Following a restart of the search servers and application servers in a high availability (HA) and/or distributed environment with multiple application servers, some subset of users experience an HTTP Status 404 - Not Found error when attempting to access the environment.

In the tomcat-stdOut.log for at least one of the application servers, the below error will be displayed during the application server's startup:

YYYY-MM-DD HH:MM:SS SEVERE [localhost-startStop-1] org.apache.catalina.core.StandardContext.listenerStart Exception sending context initialized event to listener instance of class [com.appiancorp.common.startup.WaitForStatefulComponentsListener]
 java.lang.reflect.UndeclaredThrowableException
...
 Caused by: MasterNotDiscoveredException[null]

The application server logs also show that the application server has started. No application server logging will occur following the startup.
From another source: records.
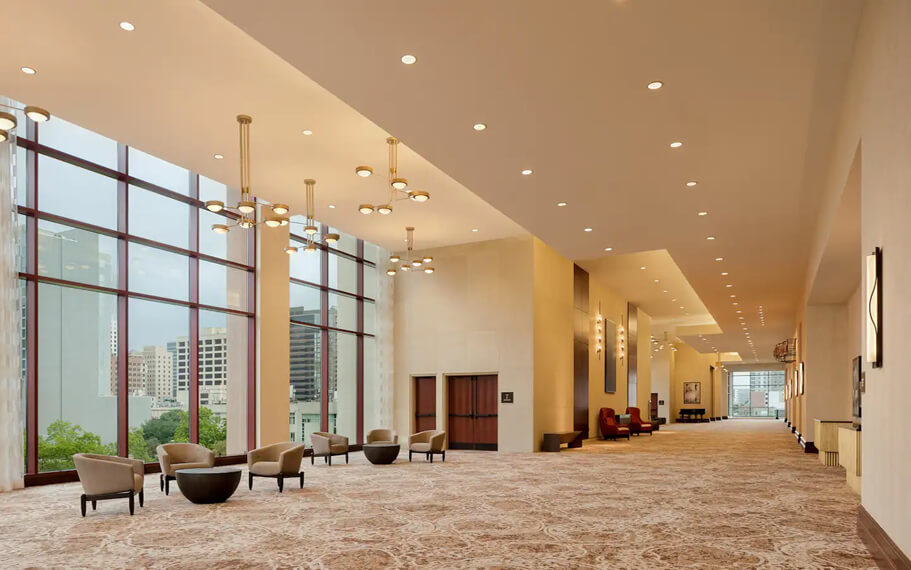 urZP4FAqc7Lu0GUFdBb81k89uK25zLKCJRI9evx2uKCX2yMS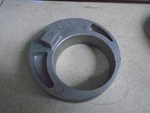 Rupp Snowmobile Chain Case Eccentric 31318 Bearing Barrel New Old Stock. Fixed Price $49.99.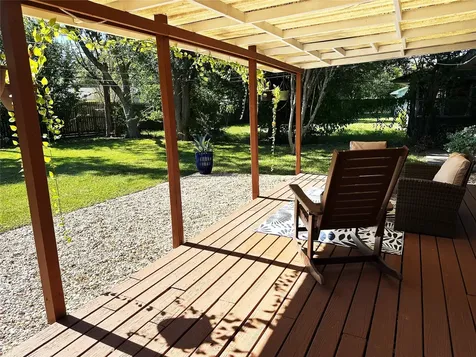 4821 Hummingbird Street Houston TX 77035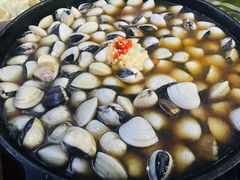 -顺德哥卜卜贝(旗舰店)
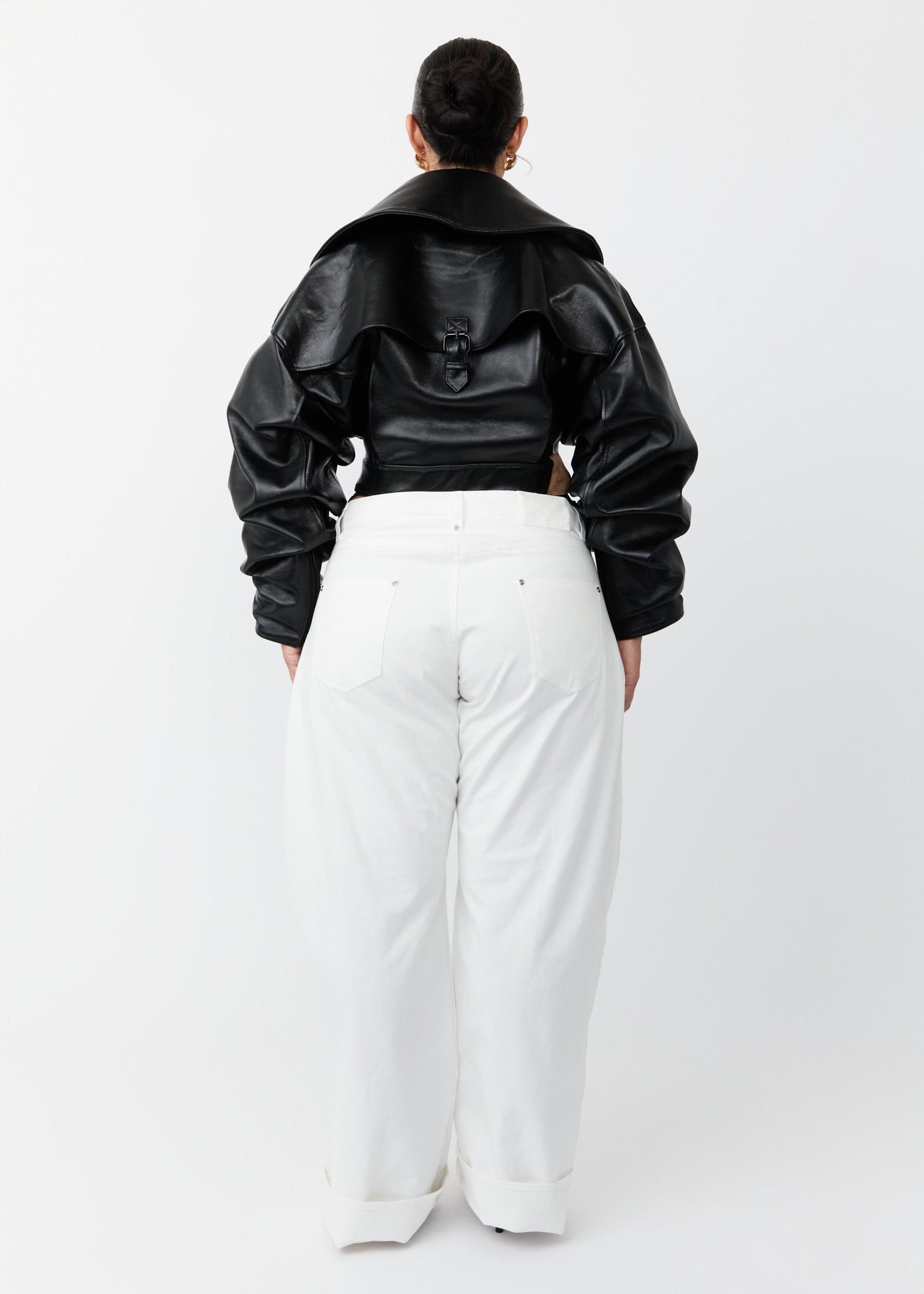 KALIBER JACKET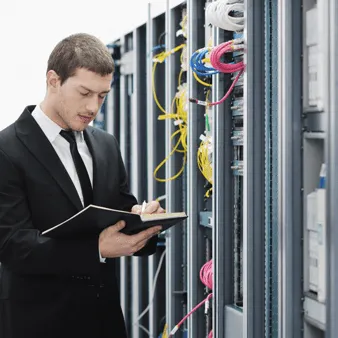 Sản phẩm maintenance — Công Ty Cổ Phần Dịch Vụ Và Công Nghệ Miền Bắc — MST 0106751119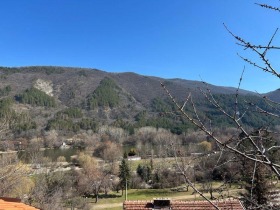 ���� ��� ���� ���� �� ���� | Imot.bg � ����� ������ 10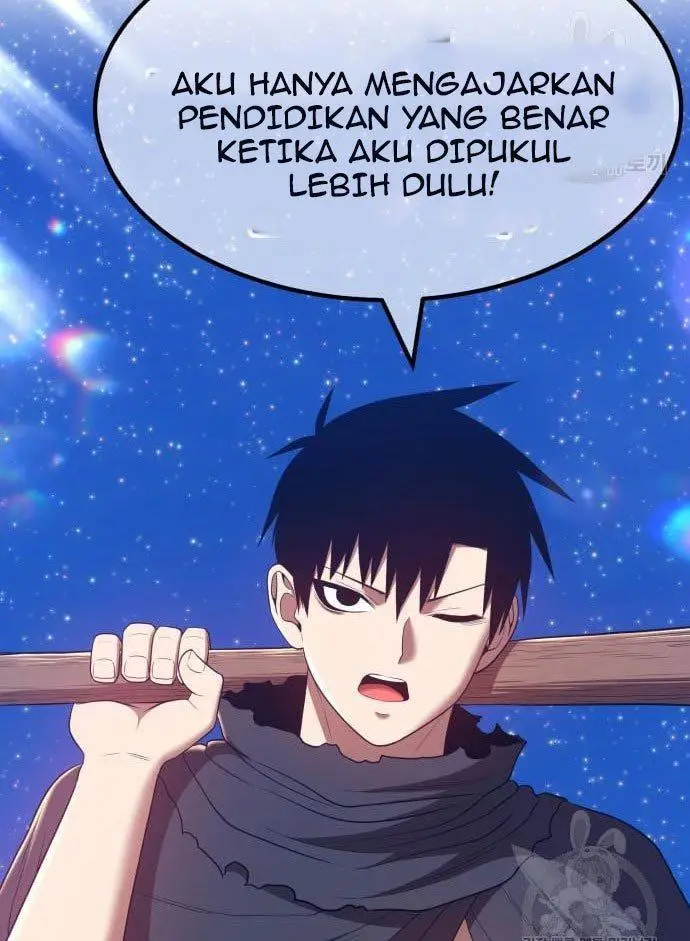 image-komik-99-wooden-stick-chapter-56-339/480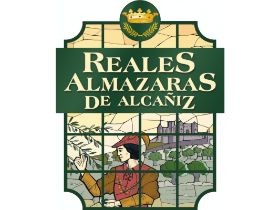 REALES ALMAZARAS DE ALCAÑIZ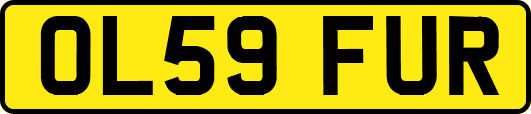 OL59FUR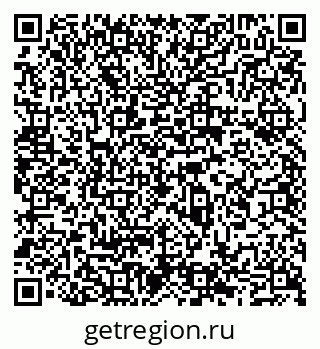 79065528776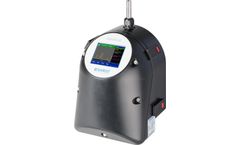 AquaScat - Model 2 WTM - Online Turbidimeter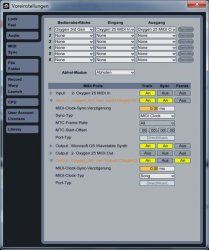 live-screenshot1.jpg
For the same application server node where the above error message is printed, the following message is printed repeatedly in the search-server.log located in the <APPIAN_HOME>/logs/search-server directory:

[WARN ][org.elasticsearch.discovery.zen.ZenDiscovery] [unknown] not enough master nodes discovered during pinging...

Followed by:

[DEBUG][org.elasticsearch.action.admin.cluster.health.TransportClusterHealthAction] [unknown] no known master node, scheduling a retry...
[INFO ][com.appian.es.logging.HealthStatusLoggingListener] [unknown] Cluster health changed for [cluster name=appian-search-cluster]. Status changed from [none] to [RED]. Current cluster information: [status=RED]...

Cause

The Appian web application fails to successfully deploy into Tomcat when the search server that is hosted on the same server is running, but not in a completely healthy state. The search server falls into this unhealthy state when it has been started at least 4 minutes prior to any other search server nodes in the cluster. The unhealthy state is caused by the search server cluster being unable to elect a primary node with only a single search server running. This issue has been addressed via AN-146092 in the following hotfixes/versions:

Action

Upgrade to the latest version of Appian.

Workaround

The search server cluster will automatically stabilize once all search servers have joined the cluster. Once all search servers have joined the cluster, restarting the unresponsive application server will resolve this issue. Confirm the status of the search server cluster in the search-server.log located in the <APPIAN_HOME>/logs/search-server directory. A healthy output is indicated by the cluster status turning GREEN:

[INFO ][com.appian.es.logging.HealthStatusLoggingListener] [Node <node_subdomain>:XXXX] Cluster health changed for [cluster name=appian-search-cluster]. Status changed from [RED] to [GREEN]. Current cluster information: [status=GREEN], [timed out=false], [nodes=X], [data nodes=X], [active primary shards=X], [active shards=X], [relocating shards=X], [initializing shards=X], [unassigned shards=X]

Affected Versions

This article applies to all versions of Appian.

Last Reviewed: June 2020